→ **How to complete this task**:
Could you print, exactly as they stand, the lines from the one holding "Dashboard Air Vent" to the end of the data below, and nothing more?

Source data
----
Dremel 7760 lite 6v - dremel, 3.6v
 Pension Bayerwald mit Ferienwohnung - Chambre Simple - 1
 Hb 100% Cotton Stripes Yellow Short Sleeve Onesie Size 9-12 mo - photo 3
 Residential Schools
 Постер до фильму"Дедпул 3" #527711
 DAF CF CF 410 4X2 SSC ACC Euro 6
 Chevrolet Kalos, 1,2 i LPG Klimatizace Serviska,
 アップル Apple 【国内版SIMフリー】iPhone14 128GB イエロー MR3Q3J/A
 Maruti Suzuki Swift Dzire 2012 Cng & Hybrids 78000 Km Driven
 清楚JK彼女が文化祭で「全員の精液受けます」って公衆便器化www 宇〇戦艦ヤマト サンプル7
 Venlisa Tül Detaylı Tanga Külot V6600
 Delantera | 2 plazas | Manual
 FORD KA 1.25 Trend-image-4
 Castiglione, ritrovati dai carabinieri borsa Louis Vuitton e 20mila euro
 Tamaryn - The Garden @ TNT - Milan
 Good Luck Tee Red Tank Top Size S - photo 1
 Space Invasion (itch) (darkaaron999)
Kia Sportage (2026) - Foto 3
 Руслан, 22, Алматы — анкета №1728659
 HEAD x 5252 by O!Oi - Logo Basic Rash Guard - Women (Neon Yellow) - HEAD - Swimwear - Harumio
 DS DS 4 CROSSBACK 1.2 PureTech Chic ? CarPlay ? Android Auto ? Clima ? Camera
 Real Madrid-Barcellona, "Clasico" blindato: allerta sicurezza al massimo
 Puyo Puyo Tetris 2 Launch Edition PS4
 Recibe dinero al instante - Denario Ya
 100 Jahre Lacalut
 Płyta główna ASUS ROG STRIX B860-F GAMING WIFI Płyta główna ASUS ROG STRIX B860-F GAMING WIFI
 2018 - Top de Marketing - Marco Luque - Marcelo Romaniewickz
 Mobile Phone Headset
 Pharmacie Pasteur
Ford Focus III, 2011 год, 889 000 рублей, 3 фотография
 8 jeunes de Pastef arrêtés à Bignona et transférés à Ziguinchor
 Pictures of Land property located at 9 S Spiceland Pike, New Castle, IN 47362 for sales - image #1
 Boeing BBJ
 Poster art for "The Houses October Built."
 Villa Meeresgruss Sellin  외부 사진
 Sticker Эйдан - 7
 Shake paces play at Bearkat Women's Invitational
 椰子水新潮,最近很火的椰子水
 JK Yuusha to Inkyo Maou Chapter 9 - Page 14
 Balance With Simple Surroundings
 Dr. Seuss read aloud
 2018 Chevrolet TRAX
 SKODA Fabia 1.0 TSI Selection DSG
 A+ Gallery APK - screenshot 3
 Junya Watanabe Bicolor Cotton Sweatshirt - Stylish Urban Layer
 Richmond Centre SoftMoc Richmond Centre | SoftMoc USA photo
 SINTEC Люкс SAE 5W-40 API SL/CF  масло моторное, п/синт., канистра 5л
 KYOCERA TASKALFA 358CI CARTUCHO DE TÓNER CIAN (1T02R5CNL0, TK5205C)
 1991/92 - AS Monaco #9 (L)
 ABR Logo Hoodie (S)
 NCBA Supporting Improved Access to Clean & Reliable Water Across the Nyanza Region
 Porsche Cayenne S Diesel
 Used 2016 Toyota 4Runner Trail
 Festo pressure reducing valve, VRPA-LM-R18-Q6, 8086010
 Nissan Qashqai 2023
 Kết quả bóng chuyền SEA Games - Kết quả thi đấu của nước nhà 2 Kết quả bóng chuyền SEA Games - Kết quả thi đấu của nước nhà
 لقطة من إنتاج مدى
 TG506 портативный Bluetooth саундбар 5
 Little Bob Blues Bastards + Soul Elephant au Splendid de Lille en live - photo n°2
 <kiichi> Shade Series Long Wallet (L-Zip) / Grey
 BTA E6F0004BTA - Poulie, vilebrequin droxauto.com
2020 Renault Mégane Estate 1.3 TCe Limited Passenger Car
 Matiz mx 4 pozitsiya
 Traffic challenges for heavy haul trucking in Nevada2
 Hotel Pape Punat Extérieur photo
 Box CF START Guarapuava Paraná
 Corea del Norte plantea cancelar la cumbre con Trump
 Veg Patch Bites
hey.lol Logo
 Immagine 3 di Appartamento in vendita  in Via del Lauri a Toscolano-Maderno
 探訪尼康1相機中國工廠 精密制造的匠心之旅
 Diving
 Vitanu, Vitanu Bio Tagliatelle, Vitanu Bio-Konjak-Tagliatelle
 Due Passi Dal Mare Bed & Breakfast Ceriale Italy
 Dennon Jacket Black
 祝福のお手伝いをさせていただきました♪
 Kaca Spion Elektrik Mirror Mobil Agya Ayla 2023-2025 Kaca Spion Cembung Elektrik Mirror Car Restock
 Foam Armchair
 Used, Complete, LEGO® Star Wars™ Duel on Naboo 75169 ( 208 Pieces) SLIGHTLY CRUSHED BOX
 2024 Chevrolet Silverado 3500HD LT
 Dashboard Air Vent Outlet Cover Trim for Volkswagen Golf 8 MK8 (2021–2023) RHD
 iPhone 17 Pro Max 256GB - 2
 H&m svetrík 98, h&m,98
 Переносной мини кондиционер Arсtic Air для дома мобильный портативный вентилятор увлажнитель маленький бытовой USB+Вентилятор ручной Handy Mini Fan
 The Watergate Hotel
----
→ **Output for this exercise**:
 Dashboard Air Vent Outlet Cover Trim for Volkswagen Golf 8 MK8 (2021–2023) RHD
 iPhone 17 Pro Max 256GB - 2
 H&m svetrík 98, h&m,98
 Переносной мини кондиционер Arсtic Air для дома мобильный портативный вентилятор увлажнитель маленький бытовой USB+Вентилятор ручной Handy Mini Fan
 The Watergate Hotel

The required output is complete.